In considerazione del rischio di frattura, diventa fondamentale, in questo setting di pazienti, valutare efficacia e sicurezza dei farmaci. Nei trials clinici vengono spesso esclusi i pazienti con grave insufficienza renale o malattia renale in fase terminale. I bisfosfonati sono farmaci di prima linea nel trattamento dell’osteoporosi e risultano ben tollerati nei pazienti con IRC lieve-moderata, tuttavia non sono raccomandati nei pazienti con severa compromissione della funzione renale. Nei pazienti con disfunzione renale una valida opzione terapeutica è rappresentata dal denosumab.

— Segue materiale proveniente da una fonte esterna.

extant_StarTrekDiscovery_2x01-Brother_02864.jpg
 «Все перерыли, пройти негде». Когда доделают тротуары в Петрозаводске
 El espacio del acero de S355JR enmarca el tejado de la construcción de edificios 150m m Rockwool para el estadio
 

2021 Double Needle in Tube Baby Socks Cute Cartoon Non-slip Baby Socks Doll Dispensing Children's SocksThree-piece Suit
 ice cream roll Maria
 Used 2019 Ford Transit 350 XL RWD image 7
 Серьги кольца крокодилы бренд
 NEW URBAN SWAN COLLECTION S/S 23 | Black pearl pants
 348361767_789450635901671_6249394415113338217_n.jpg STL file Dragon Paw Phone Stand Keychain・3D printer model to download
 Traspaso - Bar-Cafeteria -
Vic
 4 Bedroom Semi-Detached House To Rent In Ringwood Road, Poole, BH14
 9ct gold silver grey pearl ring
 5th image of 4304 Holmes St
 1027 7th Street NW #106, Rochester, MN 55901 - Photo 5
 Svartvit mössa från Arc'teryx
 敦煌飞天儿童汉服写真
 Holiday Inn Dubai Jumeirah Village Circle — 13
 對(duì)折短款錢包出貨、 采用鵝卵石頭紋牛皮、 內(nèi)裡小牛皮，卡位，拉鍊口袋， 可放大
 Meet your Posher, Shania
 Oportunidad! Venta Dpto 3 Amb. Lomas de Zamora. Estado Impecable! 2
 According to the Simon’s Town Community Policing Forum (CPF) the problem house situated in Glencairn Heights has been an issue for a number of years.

Un recente studio ha valutato efficacia e sicurezza di romosozumab in donne in menopausa con osteoporosi e insufficienza renale di grado lieve-moderato. Pur con i limiti legati al tipo di analisi, i risultati che ne derivano suggeriscono che il romosozumab sia efficace nell’aumentare la BMD e nel ridurre il rischio di frattura nelle pazienti con riduzione della funzionalità renale da lieve a moderata, con un profilo di sicurezza simile per i diversi livelli di funzione renale. Ulteriori studi si rendono necessari per valutarne l’efficacia in pazienti con severa compromissione della funzionalità renale.